Data under study >>
-- Opening Marker --

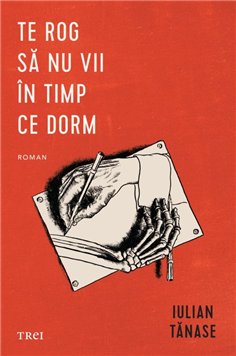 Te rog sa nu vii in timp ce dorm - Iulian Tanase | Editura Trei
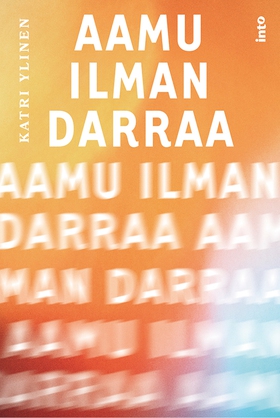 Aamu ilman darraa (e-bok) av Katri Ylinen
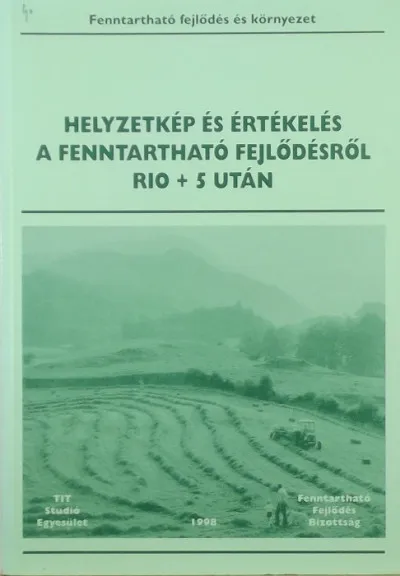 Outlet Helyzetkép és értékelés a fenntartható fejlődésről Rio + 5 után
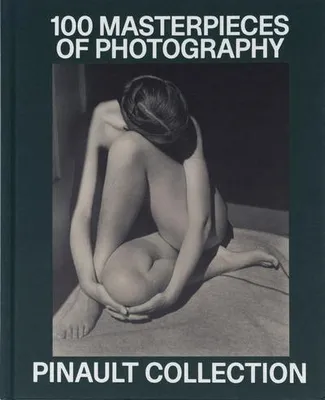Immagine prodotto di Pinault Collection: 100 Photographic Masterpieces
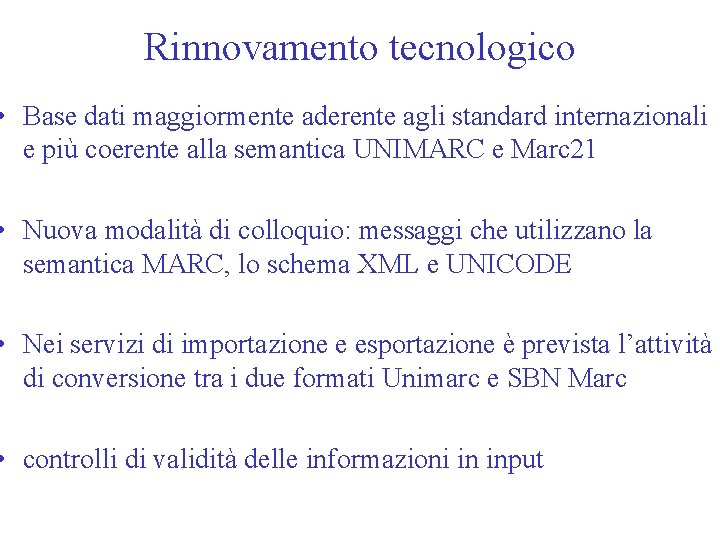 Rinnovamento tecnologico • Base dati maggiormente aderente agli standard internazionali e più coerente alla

-- Closing Marker --
-- Opening Marker --

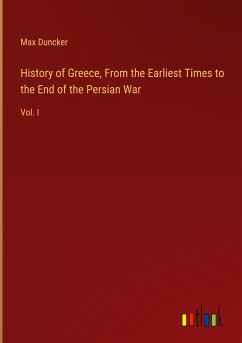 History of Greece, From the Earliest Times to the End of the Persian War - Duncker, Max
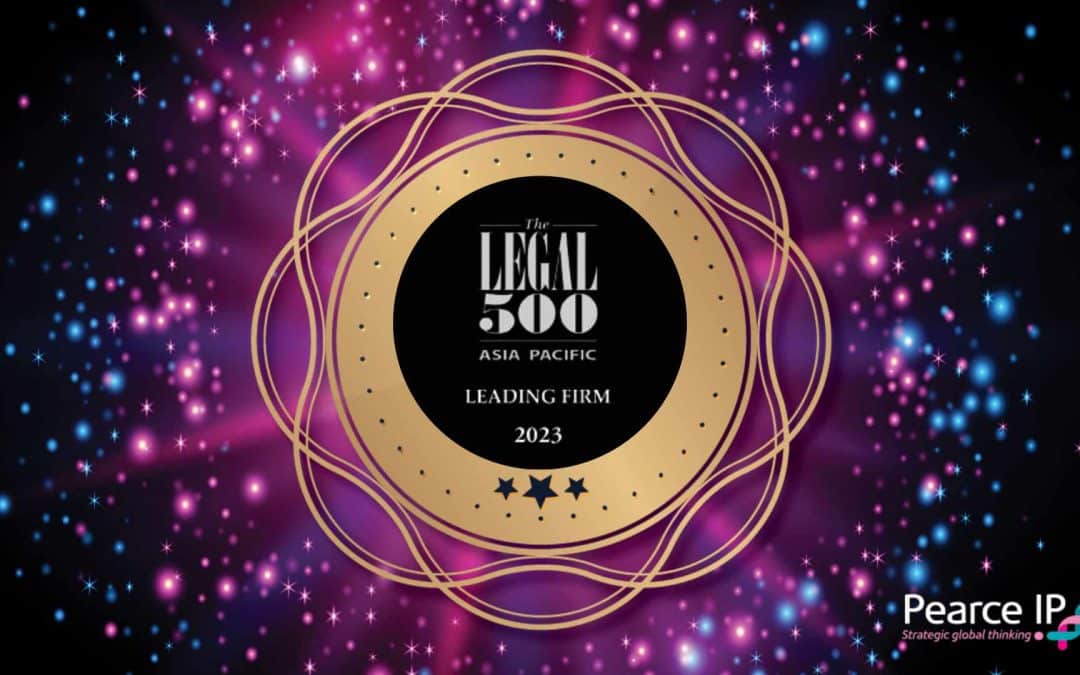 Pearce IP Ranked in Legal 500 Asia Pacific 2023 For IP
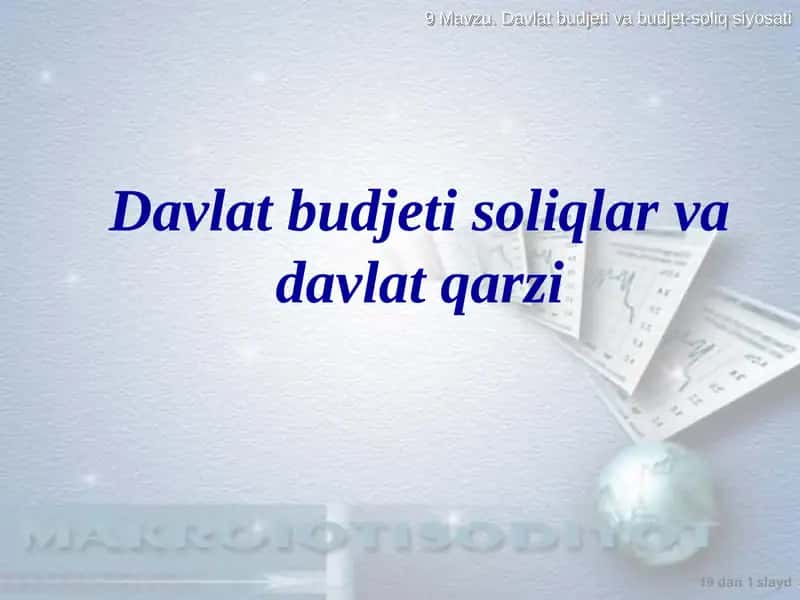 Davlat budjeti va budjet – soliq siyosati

-- Closing Marker --
-- Opening Marker --

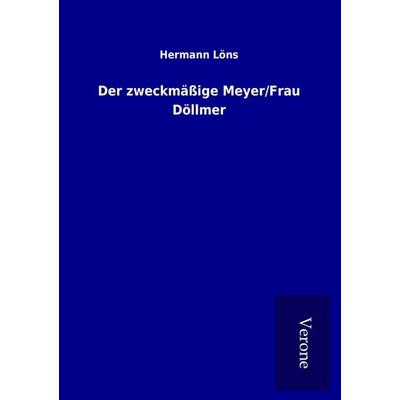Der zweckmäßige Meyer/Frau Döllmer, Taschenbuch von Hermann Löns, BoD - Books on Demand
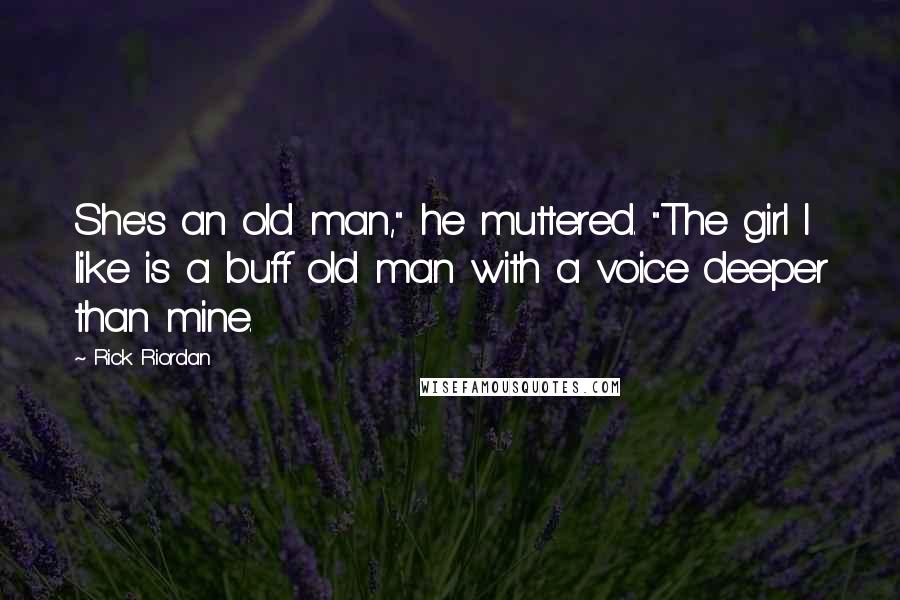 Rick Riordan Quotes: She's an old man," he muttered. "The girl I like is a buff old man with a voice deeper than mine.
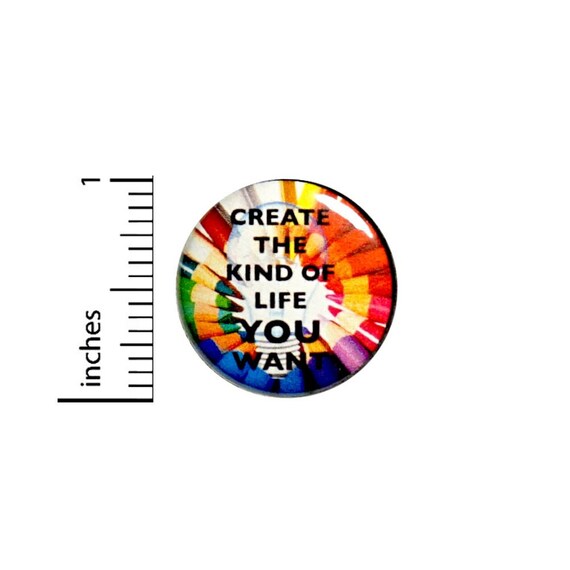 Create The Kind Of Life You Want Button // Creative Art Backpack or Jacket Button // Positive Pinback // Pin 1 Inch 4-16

-- Closing Marker --

To do >> Nothing except the lines from the one containing "Immagine prodotto di" through the one containing "Rinnovamento tecnologico •" should appear in the answer, exactly as above and without pictures.

The answer >>
Immagine prodotto di Pinault Collection: 100 Photographic Masterpieces
 Rinnovamento tecnologico • Base dati maggiormente aderente agli standard internazionali e più coerente alla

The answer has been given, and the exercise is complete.